Is it the weather or something else?
While people with arthritis swear that cold weather is to blame for their symptoms, medical experts believe that several different factors may be involved. A study published in Rheumatology found that seasonal variations are a probable cause of worsening RA symptoms. Dr. James Flaunt also says that changes in barometric pressure may be to blame. According to Flaunt, if the barometric pressure is decreased, then that allows already inflamed tissue to swell even more. The changes in tissue swelling due to barometric pressure changes stimulate nerve endings, and this leads to pain.
Cold and arthritis pain
But as far as cold weather, in particular, is concerned, cold temperatures seem to irritate the nerves surrounding joint tissue in the same way that other changes in weather conditions do. Cold weather shrinks tissue in the joint and thereby pulses on nerves causing pain, explains Dr. Flaunt. However, it is most likely that a combination cold temperatures, humid environments, and drops in barometric pressure make for the worst recipe in arthritis symptoms.
Other factors involved
And while we can see how rheumatoid arthritis and osteoarthritis can both become worse during the colder months, our behavior during these months could also be to blame. These conditions tend to become worse with a sedentary lifestyle, and we know how we tend to hibernate during the cold winter months. Not going out much, not exercising, and wearing bulky clothes that limit freedom of movement are all things that can make your joints feel worse in winter.

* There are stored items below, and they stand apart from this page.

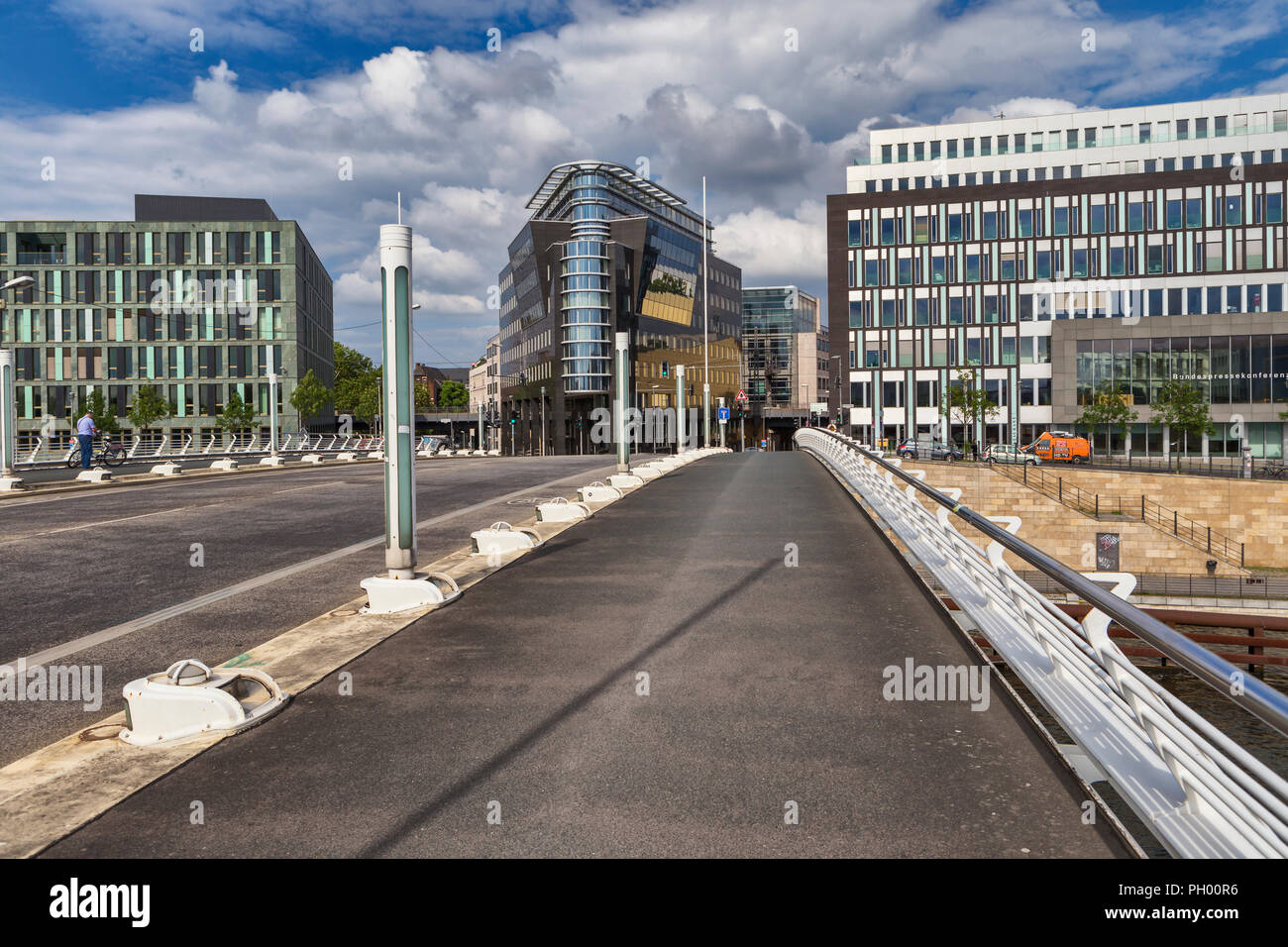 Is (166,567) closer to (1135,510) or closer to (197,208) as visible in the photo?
(1135,510)

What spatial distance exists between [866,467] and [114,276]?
84406 mm

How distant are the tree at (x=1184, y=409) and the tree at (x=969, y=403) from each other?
11.7 metres

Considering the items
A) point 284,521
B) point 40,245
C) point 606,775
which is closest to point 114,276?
point 40,245

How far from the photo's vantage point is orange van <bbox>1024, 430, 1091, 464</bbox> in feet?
186

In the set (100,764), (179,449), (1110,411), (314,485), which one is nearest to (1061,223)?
(1110,411)

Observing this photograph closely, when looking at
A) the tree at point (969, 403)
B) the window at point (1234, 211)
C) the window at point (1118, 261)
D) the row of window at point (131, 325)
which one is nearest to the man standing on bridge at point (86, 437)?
the tree at point (969, 403)

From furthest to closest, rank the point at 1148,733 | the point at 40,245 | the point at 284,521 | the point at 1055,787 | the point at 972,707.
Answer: the point at 40,245 < the point at 284,521 < the point at 972,707 < the point at 1055,787 < the point at 1148,733

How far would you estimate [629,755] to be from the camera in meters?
4.48

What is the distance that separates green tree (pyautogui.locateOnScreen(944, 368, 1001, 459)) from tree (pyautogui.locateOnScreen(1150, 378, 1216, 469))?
38.5 feet

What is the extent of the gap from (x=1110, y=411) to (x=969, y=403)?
913 cm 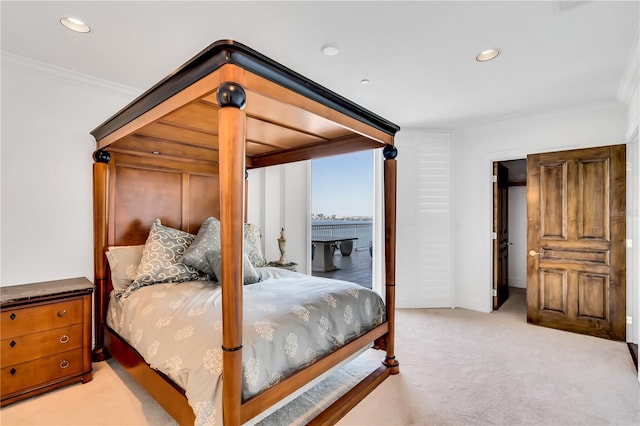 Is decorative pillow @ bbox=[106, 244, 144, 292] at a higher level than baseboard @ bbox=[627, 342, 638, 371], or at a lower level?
higher

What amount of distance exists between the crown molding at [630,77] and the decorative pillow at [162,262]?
391 cm

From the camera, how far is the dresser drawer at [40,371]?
6.96ft

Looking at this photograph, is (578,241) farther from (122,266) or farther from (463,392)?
(122,266)

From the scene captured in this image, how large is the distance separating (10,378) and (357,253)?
366 inches

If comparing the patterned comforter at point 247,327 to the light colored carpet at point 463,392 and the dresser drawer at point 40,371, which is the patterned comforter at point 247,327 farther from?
the light colored carpet at point 463,392

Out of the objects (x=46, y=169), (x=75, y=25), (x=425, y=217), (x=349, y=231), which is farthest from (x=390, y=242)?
(x=349, y=231)

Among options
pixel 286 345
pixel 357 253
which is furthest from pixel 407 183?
pixel 357 253

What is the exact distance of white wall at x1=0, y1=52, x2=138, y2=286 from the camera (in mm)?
2498

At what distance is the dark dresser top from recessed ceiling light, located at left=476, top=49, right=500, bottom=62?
3.62 m

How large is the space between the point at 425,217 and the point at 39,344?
4389mm

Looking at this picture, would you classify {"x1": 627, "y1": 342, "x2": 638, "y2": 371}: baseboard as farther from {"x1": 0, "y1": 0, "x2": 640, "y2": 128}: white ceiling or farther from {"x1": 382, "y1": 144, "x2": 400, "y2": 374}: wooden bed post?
{"x1": 0, "y1": 0, "x2": 640, "y2": 128}: white ceiling

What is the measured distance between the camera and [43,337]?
226 cm

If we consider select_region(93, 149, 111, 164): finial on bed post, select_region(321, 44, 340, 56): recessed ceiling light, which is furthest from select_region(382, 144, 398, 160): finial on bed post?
select_region(93, 149, 111, 164): finial on bed post

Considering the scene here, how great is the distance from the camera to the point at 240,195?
1484 millimetres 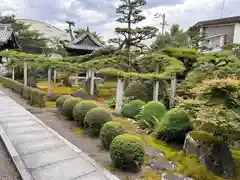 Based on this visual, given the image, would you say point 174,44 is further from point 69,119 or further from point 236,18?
point 69,119

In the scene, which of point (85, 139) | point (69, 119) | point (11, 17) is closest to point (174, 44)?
point (69, 119)

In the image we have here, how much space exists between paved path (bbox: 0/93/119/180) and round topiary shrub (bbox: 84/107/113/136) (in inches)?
46.3

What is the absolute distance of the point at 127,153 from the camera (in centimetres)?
491

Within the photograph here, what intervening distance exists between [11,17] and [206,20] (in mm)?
29346

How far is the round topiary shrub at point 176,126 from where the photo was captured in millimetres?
6922

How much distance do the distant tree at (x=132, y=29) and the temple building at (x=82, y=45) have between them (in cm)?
224

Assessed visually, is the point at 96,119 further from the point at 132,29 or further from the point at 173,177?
the point at 132,29

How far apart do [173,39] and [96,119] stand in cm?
1800

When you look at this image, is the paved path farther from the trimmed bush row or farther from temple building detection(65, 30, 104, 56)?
temple building detection(65, 30, 104, 56)

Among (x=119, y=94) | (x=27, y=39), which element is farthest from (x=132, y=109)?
(x=27, y=39)

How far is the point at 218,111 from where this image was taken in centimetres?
422

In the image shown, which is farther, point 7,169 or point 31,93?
point 31,93

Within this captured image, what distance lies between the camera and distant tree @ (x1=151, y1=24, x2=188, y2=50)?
20658 millimetres

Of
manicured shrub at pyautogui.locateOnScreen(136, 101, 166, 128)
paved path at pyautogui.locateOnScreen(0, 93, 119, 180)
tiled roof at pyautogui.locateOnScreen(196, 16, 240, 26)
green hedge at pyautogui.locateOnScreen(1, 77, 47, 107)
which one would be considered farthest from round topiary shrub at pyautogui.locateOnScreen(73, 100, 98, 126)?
tiled roof at pyautogui.locateOnScreen(196, 16, 240, 26) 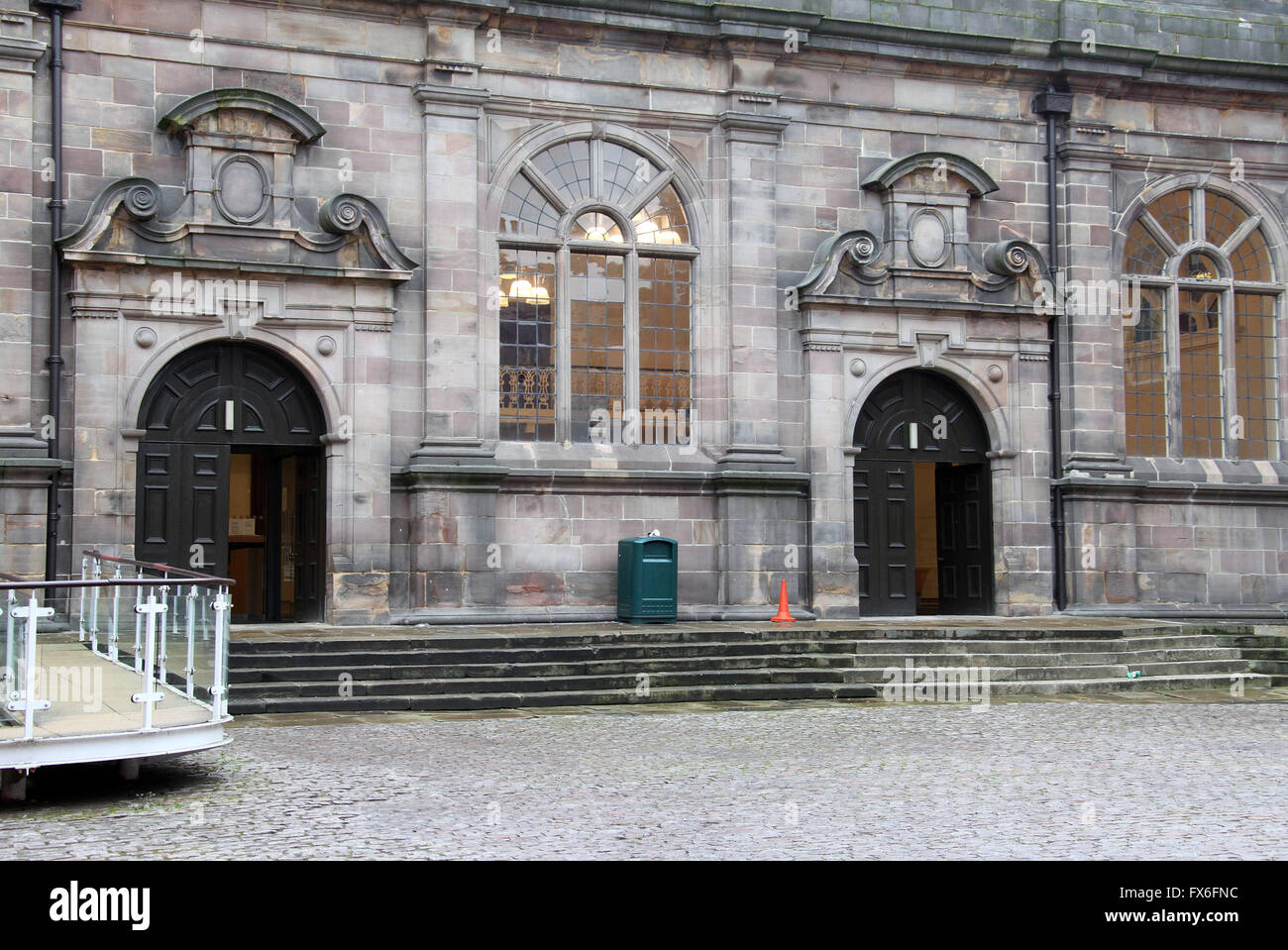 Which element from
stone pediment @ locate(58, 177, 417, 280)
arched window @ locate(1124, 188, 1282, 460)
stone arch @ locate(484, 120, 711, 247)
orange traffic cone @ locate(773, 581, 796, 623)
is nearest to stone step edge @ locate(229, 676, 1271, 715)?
orange traffic cone @ locate(773, 581, 796, 623)

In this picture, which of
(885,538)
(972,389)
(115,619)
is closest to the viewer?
(115,619)

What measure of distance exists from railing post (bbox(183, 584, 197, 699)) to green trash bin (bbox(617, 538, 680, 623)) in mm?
8819

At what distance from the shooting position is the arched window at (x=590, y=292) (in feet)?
63.7

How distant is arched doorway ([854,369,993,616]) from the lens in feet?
Answer: 67.3

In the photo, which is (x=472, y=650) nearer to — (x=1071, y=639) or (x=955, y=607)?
(x=1071, y=639)

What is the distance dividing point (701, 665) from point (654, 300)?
6.01 metres

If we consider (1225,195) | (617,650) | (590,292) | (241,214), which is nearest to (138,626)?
(617,650)

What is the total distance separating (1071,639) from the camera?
17.7m

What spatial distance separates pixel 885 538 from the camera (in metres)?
20.6

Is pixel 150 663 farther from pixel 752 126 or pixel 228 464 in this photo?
pixel 752 126

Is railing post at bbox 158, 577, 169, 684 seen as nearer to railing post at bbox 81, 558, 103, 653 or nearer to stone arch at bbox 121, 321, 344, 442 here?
railing post at bbox 81, 558, 103, 653

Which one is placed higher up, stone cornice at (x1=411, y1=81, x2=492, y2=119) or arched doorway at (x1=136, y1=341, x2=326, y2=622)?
stone cornice at (x1=411, y1=81, x2=492, y2=119)

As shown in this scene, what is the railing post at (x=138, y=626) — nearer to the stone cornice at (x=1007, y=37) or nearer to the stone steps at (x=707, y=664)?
the stone steps at (x=707, y=664)

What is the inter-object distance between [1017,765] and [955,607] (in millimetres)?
10792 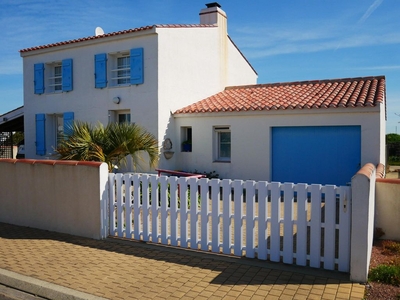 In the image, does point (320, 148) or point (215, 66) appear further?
point (215, 66)

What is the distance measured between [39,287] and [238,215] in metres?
2.99

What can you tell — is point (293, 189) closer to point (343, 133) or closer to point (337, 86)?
point (343, 133)

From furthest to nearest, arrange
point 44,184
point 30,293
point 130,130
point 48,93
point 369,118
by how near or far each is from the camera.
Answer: point 48,93 < point 369,118 < point 130,130 < point 44,184 < point 30,293

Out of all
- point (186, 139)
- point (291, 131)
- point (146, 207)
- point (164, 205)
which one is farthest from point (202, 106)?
point (164, 205)

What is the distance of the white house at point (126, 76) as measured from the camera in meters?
14.3

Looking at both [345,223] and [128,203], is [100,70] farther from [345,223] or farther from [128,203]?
[345,223]

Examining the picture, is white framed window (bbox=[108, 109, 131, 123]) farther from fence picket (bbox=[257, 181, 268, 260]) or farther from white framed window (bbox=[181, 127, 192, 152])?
fence picket (bbox=[257, 181, 268, 260])

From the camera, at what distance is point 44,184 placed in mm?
8438

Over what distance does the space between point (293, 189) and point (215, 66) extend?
1223cm

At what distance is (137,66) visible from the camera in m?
14.3

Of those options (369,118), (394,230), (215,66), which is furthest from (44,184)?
(215,66)

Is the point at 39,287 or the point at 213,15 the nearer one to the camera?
the point at 39,287

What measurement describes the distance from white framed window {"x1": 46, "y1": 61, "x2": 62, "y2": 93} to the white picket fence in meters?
11.1

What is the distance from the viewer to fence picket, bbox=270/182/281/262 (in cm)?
591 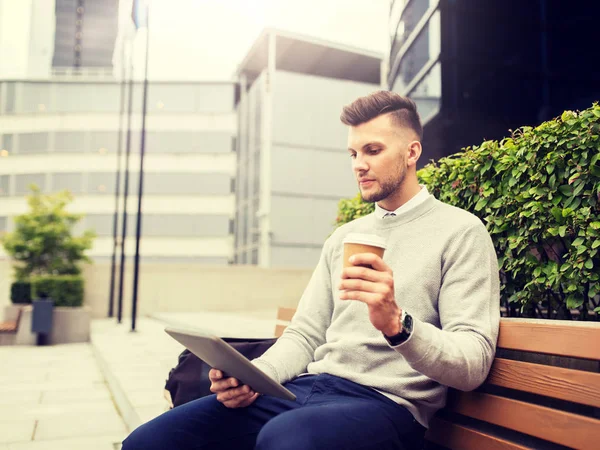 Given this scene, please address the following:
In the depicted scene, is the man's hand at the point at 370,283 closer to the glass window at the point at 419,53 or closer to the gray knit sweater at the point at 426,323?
the gray knit sweater at the point at 426,323

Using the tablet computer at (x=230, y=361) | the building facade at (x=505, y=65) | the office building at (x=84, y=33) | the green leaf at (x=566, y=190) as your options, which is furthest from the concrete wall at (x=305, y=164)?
the office building at (x=84, y=33)

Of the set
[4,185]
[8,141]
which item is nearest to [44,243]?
[4,185]

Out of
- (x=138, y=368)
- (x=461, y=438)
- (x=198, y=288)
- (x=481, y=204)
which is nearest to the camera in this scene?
(x=461, y=438)

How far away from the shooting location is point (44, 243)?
15.4 metres

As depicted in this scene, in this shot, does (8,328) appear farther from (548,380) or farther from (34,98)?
(34,98)

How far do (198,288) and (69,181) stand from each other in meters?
19.2

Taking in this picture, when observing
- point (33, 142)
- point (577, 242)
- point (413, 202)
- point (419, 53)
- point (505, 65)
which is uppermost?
point (33, 142)

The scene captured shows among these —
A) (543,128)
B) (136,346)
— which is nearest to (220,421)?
(543,128)

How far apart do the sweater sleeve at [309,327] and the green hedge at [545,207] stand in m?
1.09

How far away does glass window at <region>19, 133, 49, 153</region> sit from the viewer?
34469 millimetres

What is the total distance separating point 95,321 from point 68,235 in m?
3.03

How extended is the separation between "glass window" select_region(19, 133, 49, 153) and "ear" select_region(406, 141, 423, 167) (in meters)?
36.0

Other conditions that are affected by weather
People with Arthritis aren’t the only ones predicting the weather with the severity of their symptoms. Many other conditions are also known to become worse with changing weather, including drops in barometric pressure, rainfall, cold temperatures, and high humidity. Fibromyalgia, Raynaud’s syndrome, lupus, migraines, and back problems can all become worse with changing weather. Chronic pain conditions in the elderly also tend to worsen with stormy weather.
What you can do about it
Of course, the first rule is to keep yourself warm when going out. Wear loose and lightweight clothing with insulating fabrics. Bulky clothes can limit your movement, and tight clothing can prevent sweat from evaporating. Wearing compression gloves can help as well, especially if your hands are affected by RA the most. As far as maintaining high levels of physical activity goes, walking, doing housework, using the stairs, yoga, aerobics, indoor swimming, are all great options. Another option is using topical pain relievers like Traumeel and similar products.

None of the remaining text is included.